Looking back, I realized that I made several fatal errors on the day the spin instructor learned my name.
I had seen him walking into the gym with his daughter, and she was so cute that, reflexively, I smiled at her. And when I looked up again, the damage had been done: though people and things continued to spin all around us, as if time had not frozen in that second, he had noticed me. I knew it. For taking notice of his daughter.
Were those halcyon days of slinking into the back row of bikes just as it turned 9:30 am now just a hazy memory? Had I finally, irrevocably singled myself out, made an impression? Would it last? Blast it all! Could just one row of bikes and bobbing asses be enough to conceal me, the woman who had smiled at a young child, from the notice of her doting father? Hardly!

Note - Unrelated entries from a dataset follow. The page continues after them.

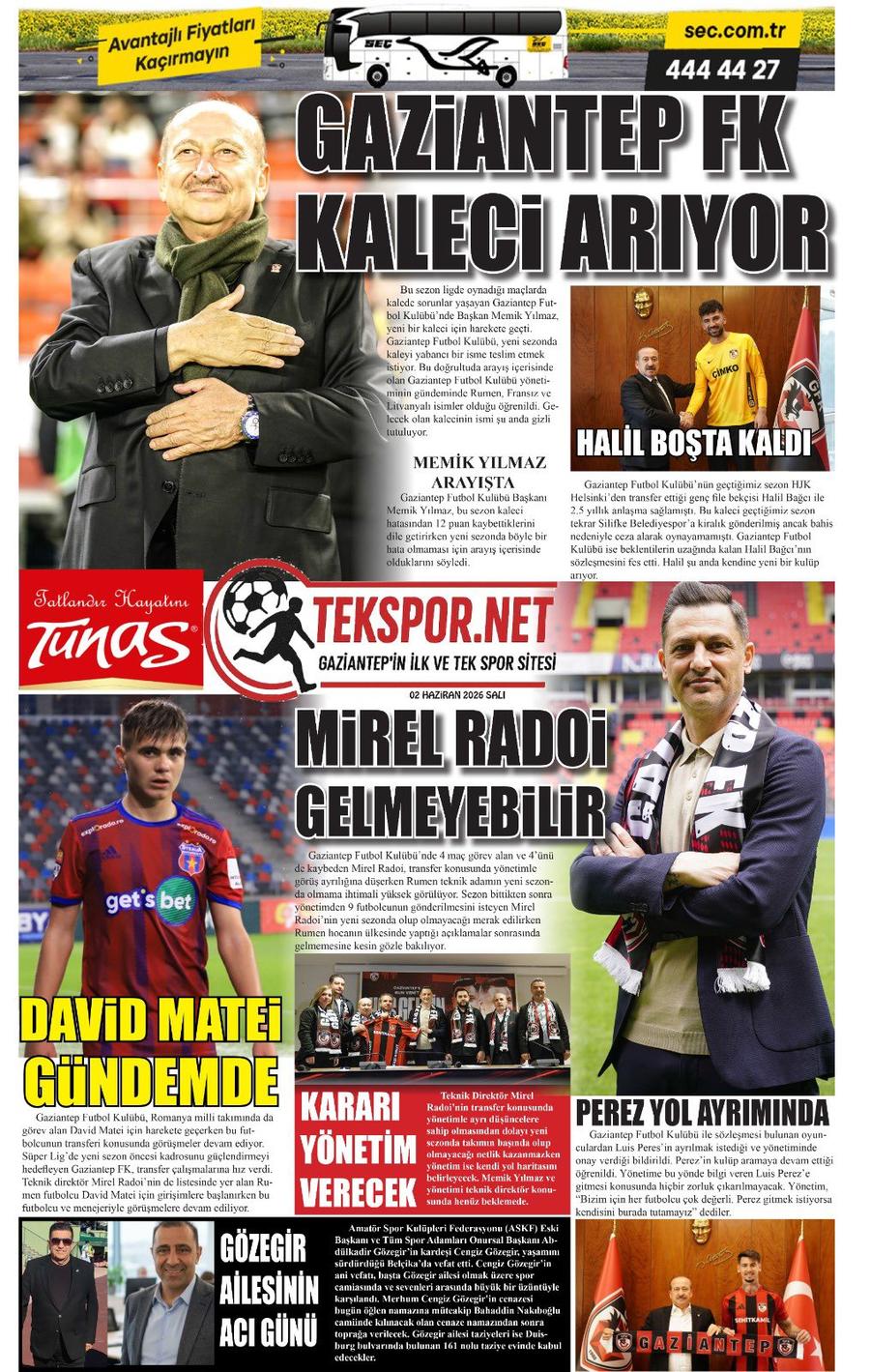 Prima pagină a publicației Tekspor Transferul lui David Matei, pe prima pagină în Turcia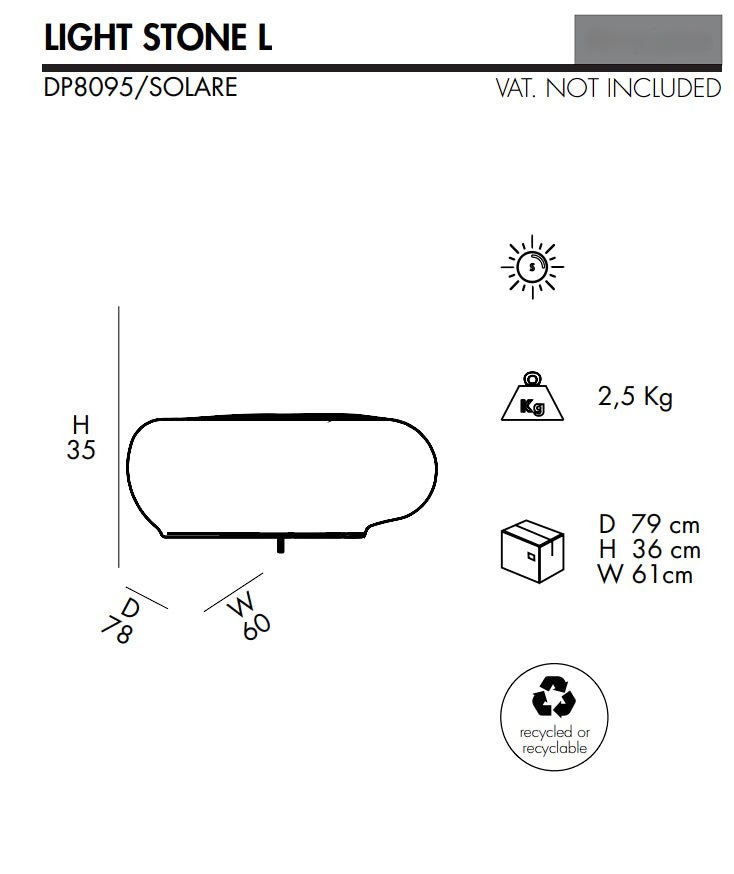 Complemento d'arredo luminoso fotovoltaico Light Stone in polietilene - Outdoor Privé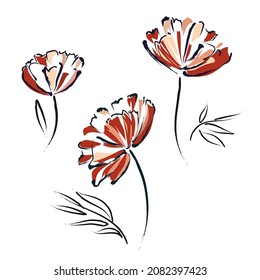 Abstrakte handgemachte Blumen und Blätter. Botanische Objekte für Blumendesign. Skizzenhafte Zeichnung mit schwarzen Umrissen und roten Strichen. Moderner Stil. Vektorgrafik einzeln auf weißem Hintergrund.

I deceived myself into entertaining that hope, what with the way things are on those kinds of days, people rushing to and fro, the fog of sweat glazing over everyone’s eyes, the fact that I had rushed away before any conversation had taken place. But alas, when I reached my bike–the bike I had signed up for online, at exactly 7:30 am on Thursday morning, 26 hours before the start of class, no earlier and no later, hitting refresh repeatedly until the system allowed me in so that I was sure to get a place in the best class, that bike–#10–had a pair of cages on its pedals! Remnants, they were, from some other, more elementary spinning class where someone–a beginner so new to spinning that they didn’t have the correct shoes yet–had used my bike. My bike, with the scars of its ignominy still hanging off its sacred pedals!

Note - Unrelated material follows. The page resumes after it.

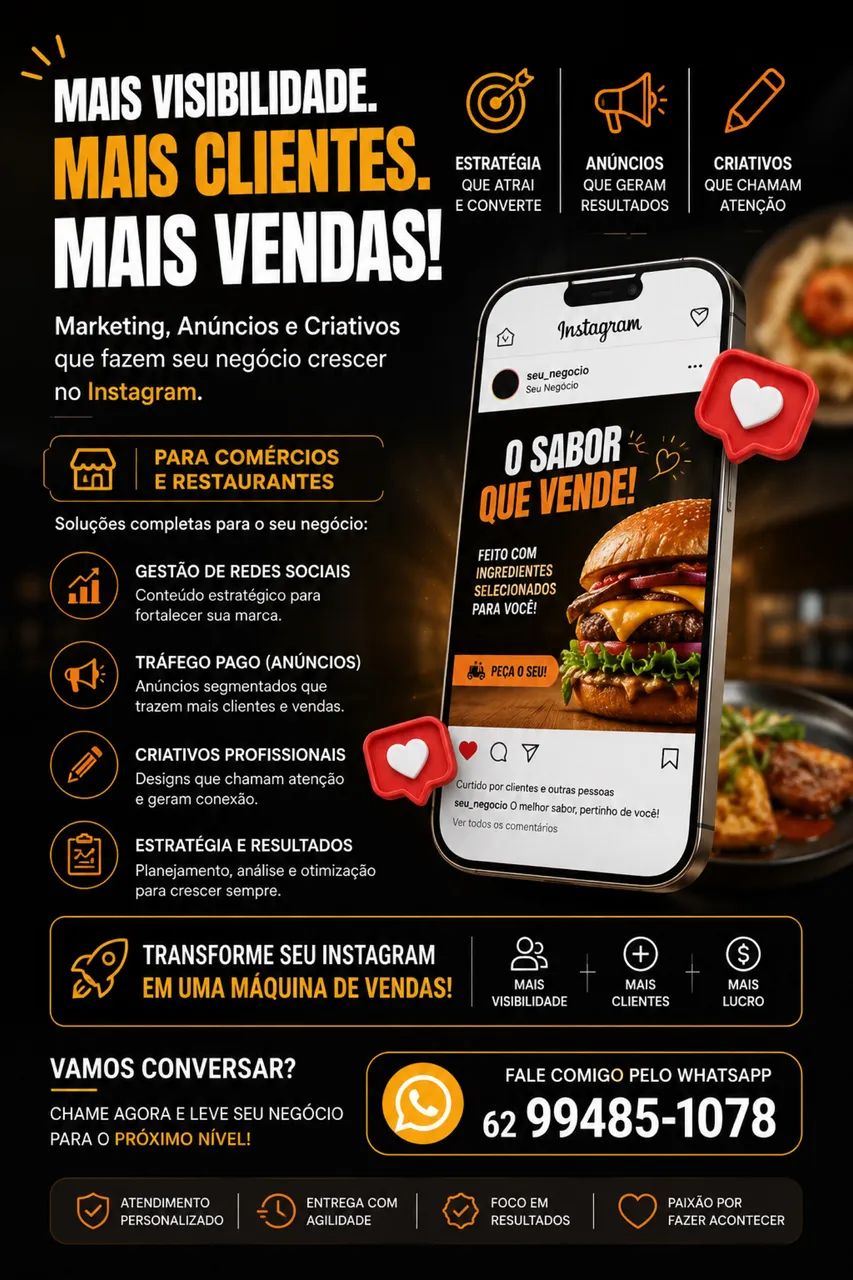 Criativos e anúncios para seu restaurante 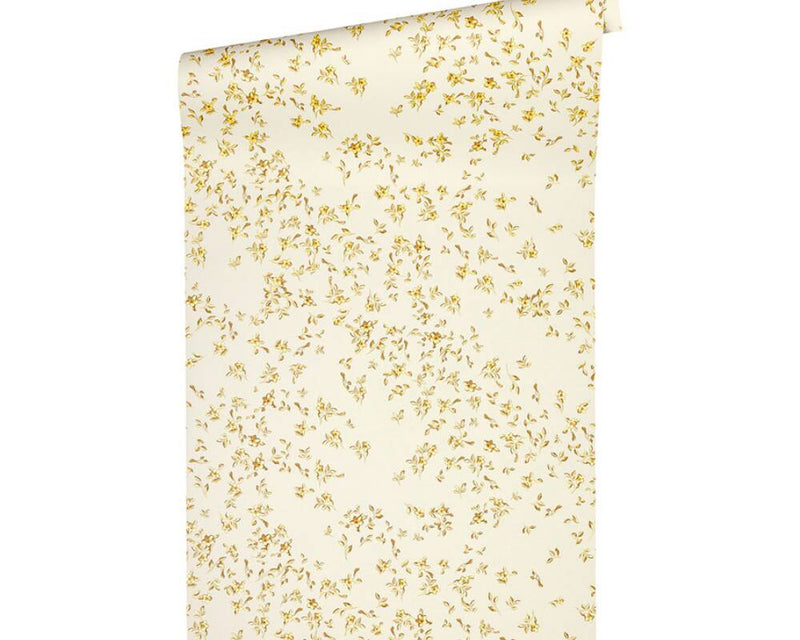 media image for Floral Petite Textured Wallpaper in Beige/Yellow from the Versace IV Collection 210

There was no choice to be made: I would have to get them off myself, because Todd, in #9, was busy flirting with the woman who just had a baby six weeks ago and besides, he was no stronger than I, since spinning strengthens your legs to superhuman heights but leaves your arms flabby and vein-ridden. I toiled and twisted at the cages, finally succeeding in pulling off one side, but the left was stubborn and wouldn’t budge. It was 9:28. There were no alternative measures: I would have to ask the spin instructor to remove them for me.
And if the encounter in the hallway, outside of the Kids Club hadn’t done it, well, he would notice me, then, wouldn’t he? Because even if he couldn’t remember my name, there would always be the class sign-in sheet there, my name perfectly rendered in Helvetica for the world to see! No, not even poor handwriting could save me now! He would see the name and match it to the bike number . . . oh cruel fate! that my beloved #10 would ultimately be my undoing! Yes, he would see it there and it would only become a matter of time before he was yelling my name along with all of the others he tortured throughout the class–Marianna! Maria! Yuna! Rebecca! John!–people with rock-hard quadriceps and hamstrings that tucked neatly into their compact derrieres, all covered in the latest lululemon stretch hotpants–
“ANNA! GIVE ME A HALF-TURN OF RESISTANCE AND FOCUS!”